What Are Graph Neural Networks? How GNNs Work, Explained with Examples
Graph Neural Networks are getting more and more popular and are being used extensively in a wide variety of projects.
In this article, I help you get started and understand how graph neural networks work while also trying to address the question “why” at each stage.
Finally we will also take a look at implementing some of the methods we talk about in this article in code.
And don’t worry – you won’t need to know very much math to understand these concepts and learn how to apply them.
What is a graph?
Put quite simply, a graph is a collection of nodes and the edges between the nodes.

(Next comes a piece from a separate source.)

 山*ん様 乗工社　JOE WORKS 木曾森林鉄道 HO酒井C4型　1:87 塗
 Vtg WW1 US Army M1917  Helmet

In the below diagram, the white circles represent the nodes, and they are connected with edges, the red colored lines.
You could continue adding nodes and edges to the graph. You could also add directions to the edges which would make it a directed graph.

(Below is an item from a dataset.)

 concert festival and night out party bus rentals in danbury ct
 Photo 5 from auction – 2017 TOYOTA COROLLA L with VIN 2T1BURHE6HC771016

Something quite handy is the adjacency matrix which is a way to express the graph. The values of this matrix \(A_{ij}\) are defined as:
\[A_{ij} = \left\{\begin{array}{ c l }1 & \quad \textrm{if there exists an edge } j \rightarrow i \\ 0 & \quad \textrm{if no edge exists} \end{array} \right.\]Another way to represent the adjacency matrix is simply flipping the direction so in the same equation \(A_{ij}\) will be 1 if there is an edge \(i \rightarrow j\) instead.
The later representation is in fact what I studied in school. But often in Machine Learning papers, you will find the first notation used – so for this article we will stick to the first representation.

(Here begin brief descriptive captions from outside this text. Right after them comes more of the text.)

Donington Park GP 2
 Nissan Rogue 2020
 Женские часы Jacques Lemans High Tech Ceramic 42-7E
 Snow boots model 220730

There are a lot interesting things you might notice from the adjacency matrix. First of all, you might notice that if the graph is undirected, you essentially end up with a symmetric matrix and more interesting properties, especially with the eigen values of this matrix.
One such interpretation which would be helpful in the context is taking powers of the matrix \((A^n)_{ij}\) gives us the number of (directed or undirected) walks of length \(n\) between nodes \(i\) and \(j\).
Why work with data in Graphs?
Well graphs are used in all kinds of common scenarios, and they have many possible applications.
Probably the most common application of representing data with graphs is using molecular graphs to represent chemical structures. These have helped predict bond lengths, charges, and new molecules.
With molecular graphs, you can use Machine Learning to predict if a molecule is a potent drug.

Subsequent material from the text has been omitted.